Abb. 1: Blutspendeausweis des Deutschen Roten Kreuzes in der seit dem Jahr 2012 bundesweit einheitlichen Form. Auf dem eingelassenen RFID-Chip werden keine medizinischen Daten des Spenders gespeichert mit Ausnahme der „Blutformel“, die auch auf dem Ausweis steht, hier: Blutgruppe A1, Rhesus-negativ mit Rhesusformel ccddee und Kell-negativ.

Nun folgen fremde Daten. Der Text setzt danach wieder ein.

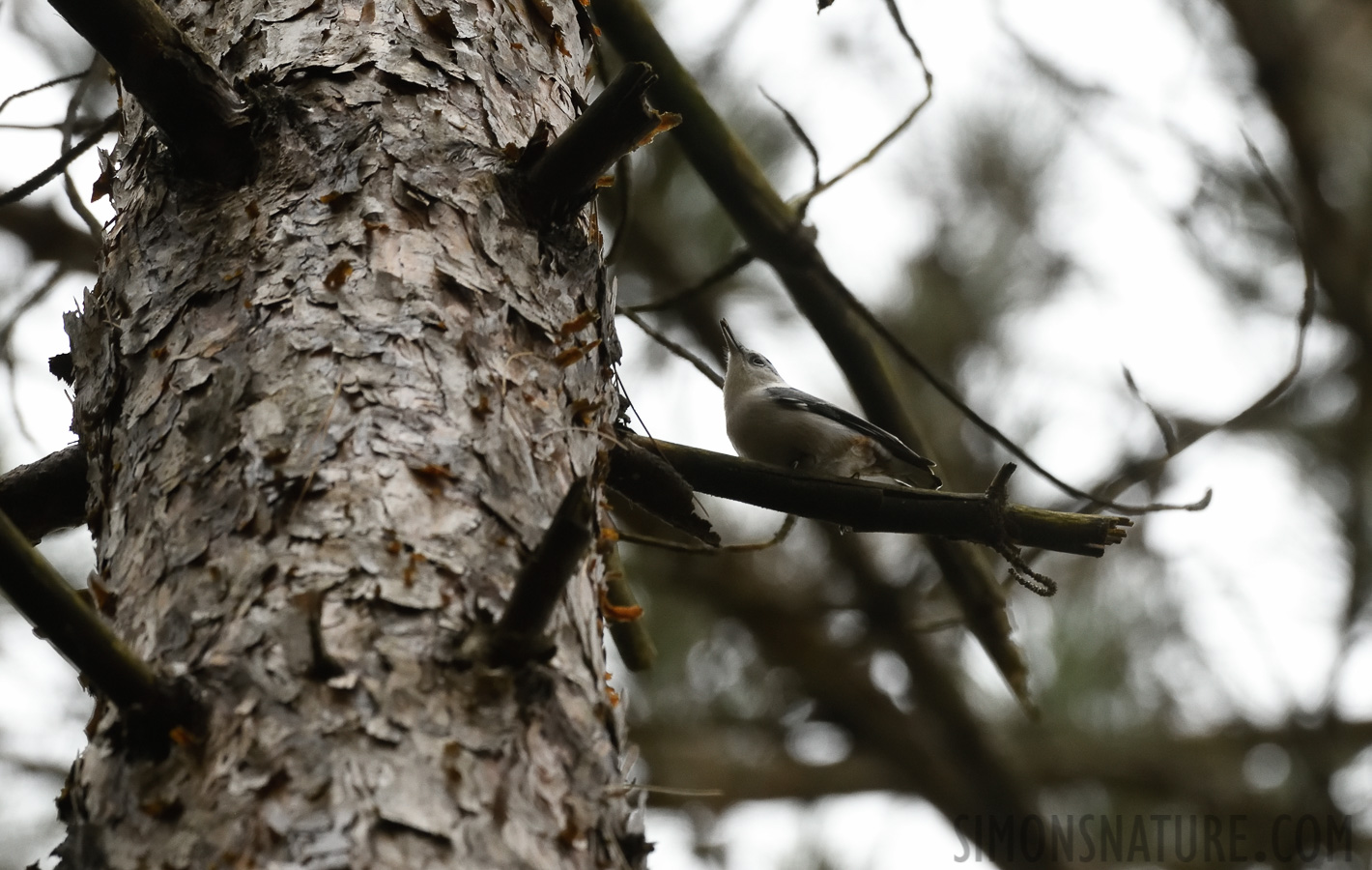 Sitta carolinensis carolinensis [400 mm, 1/400 Sek. bei f / 8.0, ISO 2500]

Eine wichtige Aufgabe der StKB – darunter 31 universitäre Einrichtungen – ist eine streng bedarfsorientierte patientenzentrierte Herstellung von Blut und Blutprodukten. Dabei hängt ihre Effizienz – vor allem bei den Blutspendediensten in Kliniken – nicht zuletzt von einem registrierten Stamm flexibler Dauerspender ab, die im Einzelfall auch kurzfristig zur Verfügung stehen, etwa für eine Thrombozytenspende bei passender HLA-Konstellation (humane Leukozyten-Antigene, für die Histokompatibilität wichtige Antigene).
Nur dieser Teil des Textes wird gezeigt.